Ia menjelaskan rejected brine berasal dari berbagai proses desalinasi yang menentukan karakteristik brine water melalui teknologi reverse osmosis (RO) dan multi-stage flash (MSF).
Menuru Ali rejected brine berpotensi sebagai bahan baku industri garam, karena memiliki kandungan garam dan mineral yang tinggi. Selain itu rejected brine juga menjadi sumber garam tanpa lahan.
Ali menuturkan dari PLTU di Pulau Jawa saja setidaknya bisa memeroleh 1,8 juta ton garam dari rejected brine. Keunggulan lain beberapa industri bisa menerima manfaat dari pengolahan rejected brine itu.
“Misalnya Indonesia Power yang dapat memeroleh bahan kimia yang digunakan untuk pengolahan air, sehingga dapat menghasilkan air bersih sebagai produk sampingannya,” ujar Ali.
Selain itu, menurut Ali perusahaan yang berhubungan dengan garam dapat memeroleh bahan baku garam industri Chlor Alkali Plant (CAP) yang selama ini impor. “Sehingga bisa mengurangi biaya dan waktu pengiriman,” kata Ali.
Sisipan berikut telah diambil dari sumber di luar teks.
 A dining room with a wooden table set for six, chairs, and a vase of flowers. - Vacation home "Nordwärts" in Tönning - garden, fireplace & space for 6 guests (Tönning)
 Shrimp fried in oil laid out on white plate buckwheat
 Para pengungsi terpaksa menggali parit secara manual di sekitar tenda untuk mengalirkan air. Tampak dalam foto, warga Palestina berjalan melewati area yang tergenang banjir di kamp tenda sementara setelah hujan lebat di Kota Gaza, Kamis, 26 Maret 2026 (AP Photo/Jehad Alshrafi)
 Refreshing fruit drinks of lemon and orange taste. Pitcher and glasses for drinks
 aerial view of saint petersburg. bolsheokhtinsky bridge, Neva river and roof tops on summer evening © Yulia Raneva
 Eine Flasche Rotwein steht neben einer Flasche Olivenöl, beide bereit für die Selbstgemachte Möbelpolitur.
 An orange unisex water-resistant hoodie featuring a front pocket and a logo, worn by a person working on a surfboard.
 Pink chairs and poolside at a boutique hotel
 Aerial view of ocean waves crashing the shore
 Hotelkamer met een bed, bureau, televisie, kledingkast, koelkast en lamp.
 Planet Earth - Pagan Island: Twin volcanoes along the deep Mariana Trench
Ia menuturkan bagi PDAM, pengolahan rejected brine dapat membuka peluang usaha baru yakni produksi garam dan sumber air bersih. Menurut Ali tentu masyarakat juga akan terbantu dengan suplai air bersih terutama di daerah pesisir yang dekat dengan PLTU.
“Bahkan ada potensi pembukaan lapangan pekerjaan baru sebagai turunan dari pabrik garam PLTU ini,” ujar Ali.